### Exercise objective
Everything from the line containing "Teplyk, Ukraine — Drone Transit location map" to the end of the material, both ends included, should be repeated exactly; please give only those lines.
>>>>>
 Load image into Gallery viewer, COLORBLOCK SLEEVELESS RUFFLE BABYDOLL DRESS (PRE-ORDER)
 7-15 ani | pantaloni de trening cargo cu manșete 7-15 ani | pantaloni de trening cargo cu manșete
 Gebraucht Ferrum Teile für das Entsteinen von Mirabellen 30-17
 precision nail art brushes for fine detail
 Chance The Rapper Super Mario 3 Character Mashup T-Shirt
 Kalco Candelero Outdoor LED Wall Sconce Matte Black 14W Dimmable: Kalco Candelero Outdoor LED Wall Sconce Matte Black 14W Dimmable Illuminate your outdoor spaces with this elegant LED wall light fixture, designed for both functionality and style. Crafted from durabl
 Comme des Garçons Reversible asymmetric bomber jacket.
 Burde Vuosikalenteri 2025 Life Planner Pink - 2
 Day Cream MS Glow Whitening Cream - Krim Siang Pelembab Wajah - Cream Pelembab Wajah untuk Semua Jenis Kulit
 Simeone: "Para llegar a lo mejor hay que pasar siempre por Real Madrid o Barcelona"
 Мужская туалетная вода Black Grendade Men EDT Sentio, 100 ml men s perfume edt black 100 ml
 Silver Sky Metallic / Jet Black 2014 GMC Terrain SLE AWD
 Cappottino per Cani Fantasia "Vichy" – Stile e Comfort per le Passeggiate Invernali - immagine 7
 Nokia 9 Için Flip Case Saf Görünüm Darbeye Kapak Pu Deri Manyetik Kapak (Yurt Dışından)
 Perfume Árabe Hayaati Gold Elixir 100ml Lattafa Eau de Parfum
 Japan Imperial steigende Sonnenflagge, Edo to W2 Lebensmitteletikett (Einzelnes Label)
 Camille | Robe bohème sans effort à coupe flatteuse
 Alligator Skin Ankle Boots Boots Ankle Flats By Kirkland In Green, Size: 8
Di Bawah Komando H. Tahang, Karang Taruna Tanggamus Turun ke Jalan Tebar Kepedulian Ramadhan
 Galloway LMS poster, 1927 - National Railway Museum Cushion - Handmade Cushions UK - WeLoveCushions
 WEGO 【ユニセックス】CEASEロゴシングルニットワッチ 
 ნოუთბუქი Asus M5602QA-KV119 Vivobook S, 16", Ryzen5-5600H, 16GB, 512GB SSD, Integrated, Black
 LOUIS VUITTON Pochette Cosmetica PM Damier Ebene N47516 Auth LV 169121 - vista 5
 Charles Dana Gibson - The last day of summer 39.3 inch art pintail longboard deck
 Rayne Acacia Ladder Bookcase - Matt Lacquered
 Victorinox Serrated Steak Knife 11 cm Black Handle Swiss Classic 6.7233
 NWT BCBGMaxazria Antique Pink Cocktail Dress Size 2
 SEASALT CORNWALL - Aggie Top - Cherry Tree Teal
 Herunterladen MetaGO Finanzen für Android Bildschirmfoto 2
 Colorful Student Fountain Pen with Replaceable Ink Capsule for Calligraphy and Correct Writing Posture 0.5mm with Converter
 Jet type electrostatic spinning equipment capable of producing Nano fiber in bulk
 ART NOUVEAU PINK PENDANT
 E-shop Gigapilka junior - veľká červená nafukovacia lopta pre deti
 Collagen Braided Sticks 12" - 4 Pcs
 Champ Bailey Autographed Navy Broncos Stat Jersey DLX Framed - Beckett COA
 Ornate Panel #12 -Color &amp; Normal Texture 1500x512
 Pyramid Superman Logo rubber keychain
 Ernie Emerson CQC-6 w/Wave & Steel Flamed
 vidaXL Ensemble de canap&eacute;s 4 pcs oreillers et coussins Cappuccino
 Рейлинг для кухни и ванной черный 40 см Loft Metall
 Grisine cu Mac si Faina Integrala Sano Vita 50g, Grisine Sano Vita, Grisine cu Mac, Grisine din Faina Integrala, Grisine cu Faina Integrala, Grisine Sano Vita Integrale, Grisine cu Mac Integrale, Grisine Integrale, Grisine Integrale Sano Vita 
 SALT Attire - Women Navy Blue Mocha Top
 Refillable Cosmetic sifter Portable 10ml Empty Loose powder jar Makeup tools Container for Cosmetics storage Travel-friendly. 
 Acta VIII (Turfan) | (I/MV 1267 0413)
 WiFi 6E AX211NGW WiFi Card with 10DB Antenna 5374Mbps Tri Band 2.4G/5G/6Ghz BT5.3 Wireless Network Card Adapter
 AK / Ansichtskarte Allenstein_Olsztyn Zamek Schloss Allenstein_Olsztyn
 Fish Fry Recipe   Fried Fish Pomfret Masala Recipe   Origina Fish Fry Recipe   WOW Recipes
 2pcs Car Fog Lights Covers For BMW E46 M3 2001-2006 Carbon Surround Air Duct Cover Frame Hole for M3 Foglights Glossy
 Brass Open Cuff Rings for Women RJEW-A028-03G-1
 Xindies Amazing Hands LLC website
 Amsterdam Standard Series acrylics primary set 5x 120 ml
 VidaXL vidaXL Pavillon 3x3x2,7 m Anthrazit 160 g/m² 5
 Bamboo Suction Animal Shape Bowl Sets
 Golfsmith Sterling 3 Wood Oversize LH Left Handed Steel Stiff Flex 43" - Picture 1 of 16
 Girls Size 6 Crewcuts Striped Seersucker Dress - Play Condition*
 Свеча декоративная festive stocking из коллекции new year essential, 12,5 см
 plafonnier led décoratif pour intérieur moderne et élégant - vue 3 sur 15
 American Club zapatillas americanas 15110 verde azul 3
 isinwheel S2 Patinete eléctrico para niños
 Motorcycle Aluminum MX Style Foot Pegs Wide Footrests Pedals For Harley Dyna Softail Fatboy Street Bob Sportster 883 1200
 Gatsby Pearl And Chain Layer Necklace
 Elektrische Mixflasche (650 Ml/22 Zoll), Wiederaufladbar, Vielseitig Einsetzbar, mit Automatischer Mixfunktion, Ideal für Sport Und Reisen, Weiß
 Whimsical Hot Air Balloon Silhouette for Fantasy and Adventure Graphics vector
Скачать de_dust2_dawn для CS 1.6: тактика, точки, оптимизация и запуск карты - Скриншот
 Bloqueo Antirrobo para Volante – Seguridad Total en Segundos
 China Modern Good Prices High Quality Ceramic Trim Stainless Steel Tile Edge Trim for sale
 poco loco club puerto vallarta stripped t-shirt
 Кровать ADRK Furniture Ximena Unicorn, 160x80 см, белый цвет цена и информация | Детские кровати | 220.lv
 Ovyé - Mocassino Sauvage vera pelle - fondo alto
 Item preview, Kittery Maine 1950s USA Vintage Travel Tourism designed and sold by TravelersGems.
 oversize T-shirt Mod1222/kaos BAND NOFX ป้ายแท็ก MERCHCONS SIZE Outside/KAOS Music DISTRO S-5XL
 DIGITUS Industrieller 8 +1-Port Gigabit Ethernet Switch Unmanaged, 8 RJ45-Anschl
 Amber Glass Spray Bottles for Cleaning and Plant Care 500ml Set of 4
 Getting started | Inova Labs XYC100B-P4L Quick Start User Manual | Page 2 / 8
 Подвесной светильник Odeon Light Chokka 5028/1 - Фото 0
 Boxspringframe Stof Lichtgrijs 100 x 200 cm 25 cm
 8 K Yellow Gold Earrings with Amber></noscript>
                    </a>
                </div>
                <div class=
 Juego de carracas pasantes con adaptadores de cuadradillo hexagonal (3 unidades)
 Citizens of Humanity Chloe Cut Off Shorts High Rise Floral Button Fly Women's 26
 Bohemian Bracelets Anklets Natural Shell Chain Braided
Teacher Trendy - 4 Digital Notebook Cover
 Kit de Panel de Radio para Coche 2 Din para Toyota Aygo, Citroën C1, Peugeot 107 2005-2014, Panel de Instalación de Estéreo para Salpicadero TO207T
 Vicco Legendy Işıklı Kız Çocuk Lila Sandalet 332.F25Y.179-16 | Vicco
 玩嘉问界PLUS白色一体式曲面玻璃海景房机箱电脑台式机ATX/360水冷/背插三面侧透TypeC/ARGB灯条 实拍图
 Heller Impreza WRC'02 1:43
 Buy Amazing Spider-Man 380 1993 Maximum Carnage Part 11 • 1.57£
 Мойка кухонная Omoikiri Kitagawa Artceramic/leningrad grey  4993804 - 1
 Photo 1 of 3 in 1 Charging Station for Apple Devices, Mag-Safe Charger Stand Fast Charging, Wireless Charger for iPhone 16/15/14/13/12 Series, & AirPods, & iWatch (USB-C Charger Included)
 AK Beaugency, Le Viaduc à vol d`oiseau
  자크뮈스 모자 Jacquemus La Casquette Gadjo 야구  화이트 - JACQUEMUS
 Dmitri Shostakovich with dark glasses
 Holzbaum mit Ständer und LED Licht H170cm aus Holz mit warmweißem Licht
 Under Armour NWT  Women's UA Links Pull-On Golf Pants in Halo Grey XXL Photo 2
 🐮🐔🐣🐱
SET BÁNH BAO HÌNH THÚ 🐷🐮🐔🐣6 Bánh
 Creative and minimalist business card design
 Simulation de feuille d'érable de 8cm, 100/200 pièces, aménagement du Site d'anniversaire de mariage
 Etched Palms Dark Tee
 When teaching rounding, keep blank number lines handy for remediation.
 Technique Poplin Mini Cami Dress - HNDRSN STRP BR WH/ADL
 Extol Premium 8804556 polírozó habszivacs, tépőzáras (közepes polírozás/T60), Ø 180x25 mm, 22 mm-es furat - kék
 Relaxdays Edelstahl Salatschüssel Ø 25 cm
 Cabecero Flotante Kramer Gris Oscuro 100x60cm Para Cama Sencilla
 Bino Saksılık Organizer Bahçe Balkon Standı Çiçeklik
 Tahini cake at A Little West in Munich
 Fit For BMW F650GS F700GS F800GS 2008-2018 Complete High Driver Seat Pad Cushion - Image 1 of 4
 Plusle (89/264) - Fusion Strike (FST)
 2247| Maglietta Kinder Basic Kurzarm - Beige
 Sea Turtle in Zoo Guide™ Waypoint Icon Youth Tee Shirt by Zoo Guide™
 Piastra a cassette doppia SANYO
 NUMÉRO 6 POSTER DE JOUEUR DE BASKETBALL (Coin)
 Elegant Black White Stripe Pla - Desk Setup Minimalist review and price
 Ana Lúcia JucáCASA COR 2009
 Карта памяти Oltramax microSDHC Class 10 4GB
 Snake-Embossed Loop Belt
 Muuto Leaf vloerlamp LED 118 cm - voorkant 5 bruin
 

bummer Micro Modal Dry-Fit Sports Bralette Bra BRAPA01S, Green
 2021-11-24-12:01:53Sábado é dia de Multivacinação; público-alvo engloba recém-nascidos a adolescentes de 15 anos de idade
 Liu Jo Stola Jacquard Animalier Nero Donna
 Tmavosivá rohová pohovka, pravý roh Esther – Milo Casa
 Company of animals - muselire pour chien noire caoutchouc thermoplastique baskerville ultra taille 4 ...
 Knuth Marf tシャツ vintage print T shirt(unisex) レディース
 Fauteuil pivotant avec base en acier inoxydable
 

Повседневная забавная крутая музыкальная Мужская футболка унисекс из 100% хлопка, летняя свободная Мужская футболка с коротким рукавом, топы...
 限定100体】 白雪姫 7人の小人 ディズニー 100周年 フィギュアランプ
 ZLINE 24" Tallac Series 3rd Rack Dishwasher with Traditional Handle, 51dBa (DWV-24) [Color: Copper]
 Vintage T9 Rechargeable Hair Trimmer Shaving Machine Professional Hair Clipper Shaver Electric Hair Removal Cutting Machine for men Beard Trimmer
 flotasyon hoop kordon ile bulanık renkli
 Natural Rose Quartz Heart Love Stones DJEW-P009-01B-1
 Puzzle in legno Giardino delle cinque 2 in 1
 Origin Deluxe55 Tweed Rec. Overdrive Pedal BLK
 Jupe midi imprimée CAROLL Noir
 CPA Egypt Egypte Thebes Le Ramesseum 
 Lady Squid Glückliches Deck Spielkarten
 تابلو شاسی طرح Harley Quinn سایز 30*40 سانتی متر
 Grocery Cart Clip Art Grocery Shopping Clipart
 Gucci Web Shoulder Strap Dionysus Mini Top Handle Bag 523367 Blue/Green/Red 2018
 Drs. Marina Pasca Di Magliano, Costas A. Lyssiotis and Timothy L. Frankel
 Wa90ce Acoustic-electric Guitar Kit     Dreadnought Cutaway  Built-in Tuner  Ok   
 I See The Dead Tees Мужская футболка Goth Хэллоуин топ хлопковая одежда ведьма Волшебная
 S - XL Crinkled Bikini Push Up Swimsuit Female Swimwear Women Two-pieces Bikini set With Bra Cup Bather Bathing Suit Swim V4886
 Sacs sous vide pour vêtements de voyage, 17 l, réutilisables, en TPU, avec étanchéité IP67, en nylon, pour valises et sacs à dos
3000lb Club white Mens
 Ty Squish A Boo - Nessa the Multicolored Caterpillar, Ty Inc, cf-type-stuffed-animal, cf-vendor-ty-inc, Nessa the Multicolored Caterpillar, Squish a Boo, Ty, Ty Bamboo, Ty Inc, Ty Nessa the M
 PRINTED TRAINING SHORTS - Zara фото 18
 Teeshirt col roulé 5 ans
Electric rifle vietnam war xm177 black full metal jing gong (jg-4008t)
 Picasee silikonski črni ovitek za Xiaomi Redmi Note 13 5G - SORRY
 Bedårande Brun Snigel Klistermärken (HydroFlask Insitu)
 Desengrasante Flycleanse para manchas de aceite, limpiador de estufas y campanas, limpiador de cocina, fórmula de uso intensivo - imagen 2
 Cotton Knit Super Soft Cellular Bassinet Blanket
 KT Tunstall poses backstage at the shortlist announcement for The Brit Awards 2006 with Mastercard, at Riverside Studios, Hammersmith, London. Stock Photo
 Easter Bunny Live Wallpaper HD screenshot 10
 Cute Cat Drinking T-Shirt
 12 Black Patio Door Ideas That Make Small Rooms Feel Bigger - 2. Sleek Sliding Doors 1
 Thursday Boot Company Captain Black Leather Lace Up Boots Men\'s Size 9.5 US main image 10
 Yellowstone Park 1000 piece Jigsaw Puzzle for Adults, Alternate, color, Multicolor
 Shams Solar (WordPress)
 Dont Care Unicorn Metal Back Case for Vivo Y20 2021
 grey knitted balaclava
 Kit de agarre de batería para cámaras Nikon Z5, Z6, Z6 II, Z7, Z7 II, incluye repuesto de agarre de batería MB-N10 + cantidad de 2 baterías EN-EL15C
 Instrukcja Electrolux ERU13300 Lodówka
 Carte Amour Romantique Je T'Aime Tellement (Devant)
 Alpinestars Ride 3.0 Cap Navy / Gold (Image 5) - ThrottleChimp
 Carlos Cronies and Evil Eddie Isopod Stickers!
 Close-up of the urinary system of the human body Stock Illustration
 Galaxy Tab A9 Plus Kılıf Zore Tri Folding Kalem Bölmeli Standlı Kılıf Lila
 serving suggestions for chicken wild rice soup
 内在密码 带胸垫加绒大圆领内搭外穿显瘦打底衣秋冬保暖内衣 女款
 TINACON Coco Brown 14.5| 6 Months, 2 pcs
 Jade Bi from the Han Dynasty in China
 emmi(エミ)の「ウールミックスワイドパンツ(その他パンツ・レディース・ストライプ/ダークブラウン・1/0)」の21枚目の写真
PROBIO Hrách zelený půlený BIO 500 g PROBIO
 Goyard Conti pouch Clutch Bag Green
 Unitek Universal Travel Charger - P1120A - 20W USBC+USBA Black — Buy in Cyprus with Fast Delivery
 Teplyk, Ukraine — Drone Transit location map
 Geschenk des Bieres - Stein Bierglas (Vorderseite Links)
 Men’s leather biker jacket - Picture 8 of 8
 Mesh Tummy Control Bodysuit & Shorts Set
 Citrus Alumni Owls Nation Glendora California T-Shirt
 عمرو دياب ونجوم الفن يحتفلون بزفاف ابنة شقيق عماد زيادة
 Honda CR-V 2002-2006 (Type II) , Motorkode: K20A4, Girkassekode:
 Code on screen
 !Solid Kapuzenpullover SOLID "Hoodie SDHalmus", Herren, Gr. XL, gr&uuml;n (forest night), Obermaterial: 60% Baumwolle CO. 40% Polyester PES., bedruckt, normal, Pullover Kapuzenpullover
<<<<<
### Finished exercise
 Teplyk, Ukraine — Drone Transit location map
 Geschenk des Bieres - Stein Bierglas (Vorderseite Links)
 Men’s leather biker jacket - Picture 8 of 8
 Mesh Tummy Control Bodysuit & Shorts Set
 Citrus Alumni Owls Nation Glendora California T-Shirt
 عمرو دياب ونجوم الفن يحتفلون بزفاف ابنة شقيق عماد زيادة
 Honda CR-V 2002-2006 (Type II) , Motorkode: K20A4, Girkassekode:
 Code on screen
 !Solid Kapuzenpullover SOLID "Hoodie SDHalmus", Herren, Gr. XL, gr&uuml;n (forest night), Obermaterial: 60% Baumwolle CO. 40% Polyester PES., bedruckt, normal, Pullover Kapuzenpullover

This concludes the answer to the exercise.